What is required
Would you return exactly the lines below from the line with "Hey traders, it's" through the line with "Smoke testing is", both included, and nothing else, leaving out the pictures?

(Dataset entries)
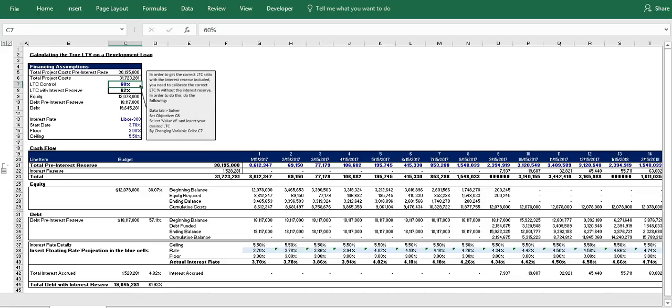Hi everyone, it's Mike here from Adventures in CRE.com. This is the companion video for the post titled Construction Draw Schedule Accounting for True Loan to Cost. The model that you can download on the website and this video will help show you how to accurately account for the interest reserve in the construction draw schedule and will therefore help you properly allocate the total dollar amount to both debt and equity.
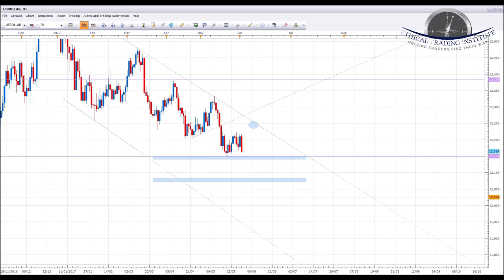Hey traders, it's John Fortune here with this week's weekly forex forecast for the fifth of June to the ninth of June 2017. Starting with the US dollar index, we're going to run through a number of currency pairs looking at key levels of support and resistance in the process. So without further ado, let's jump over to the charts and we can see where the money is this week.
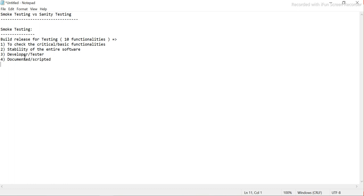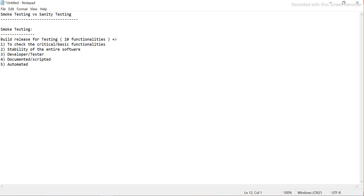Smoke testing is always a set of documented, scripted test cases. Why? Because we have to run it every time we get a new build. This is also typically automated — whenever we get a new build, we run all these tests because the functionalities are very important. If a new functionality is added, it also needs to be added to the automated pack. It is repetitive by nature.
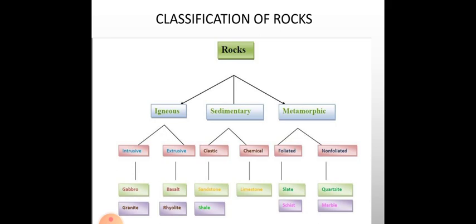Now we will discuss the classification of rocks: igneous, sedimentary, and metamorphic. Igneous rocks are sub-classified as intrusive and extrusive. Sedimentary rocks are sub-classified as clastic and chemical. Metamorphic rocks are sub-classified as foliated and non-foliated. Under intrusive: gabbro and granite. Under extrusive: basalt and rhyolite. Under clastic: sandstone and shale. Under chemical: limestone. Under foliated: slate and schist. Under non-foliated: quartzite and marble.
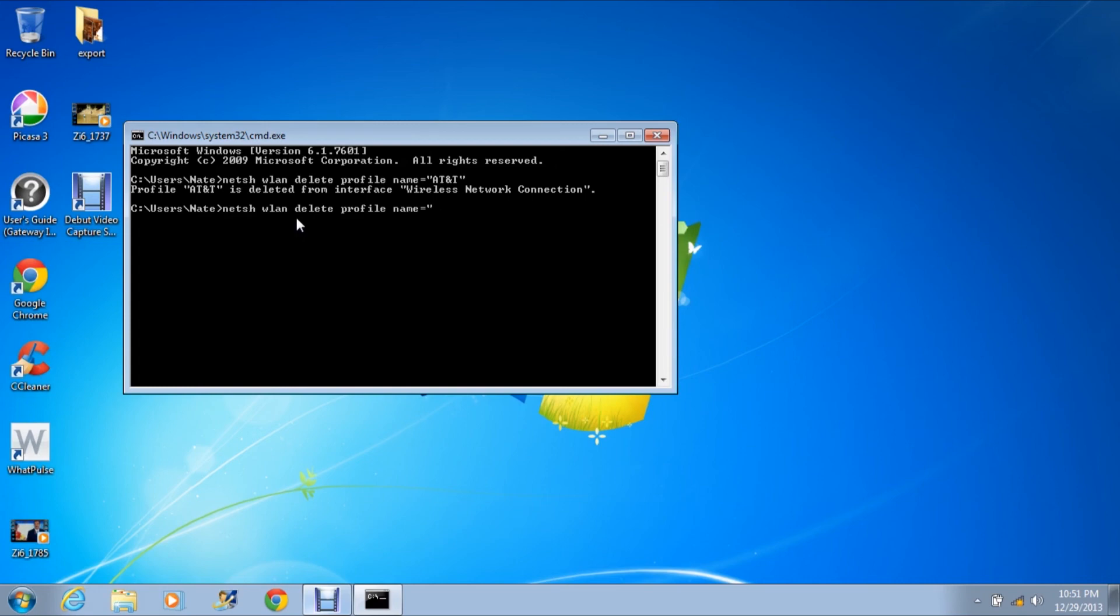So this was a tutorial on how to delete a wireless network profile from Windows 8 or Windows 8.1. This is the PC Helper and thanks for watching.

Output below
Hey traders, it's John Fortune here with this week's weekly forex forecast for the fifth of June to the ninth of June 2017. Starting with the US dollar index, we're going to run through a number of currency pairs looking at key levels of support and resistance in the process. So without further ado, let's jump over to the charts and we can see where the money is this week.
Smoke testing is always a set of documented, scripted test cases. Why? Because we have to run it every time we get a new build. This is also typically automated — whenever we get a new build, we run all these tests because the functionalities are very important. If a new functionality is added, it also needs to be added to the automated pack. It is repetitive by nature.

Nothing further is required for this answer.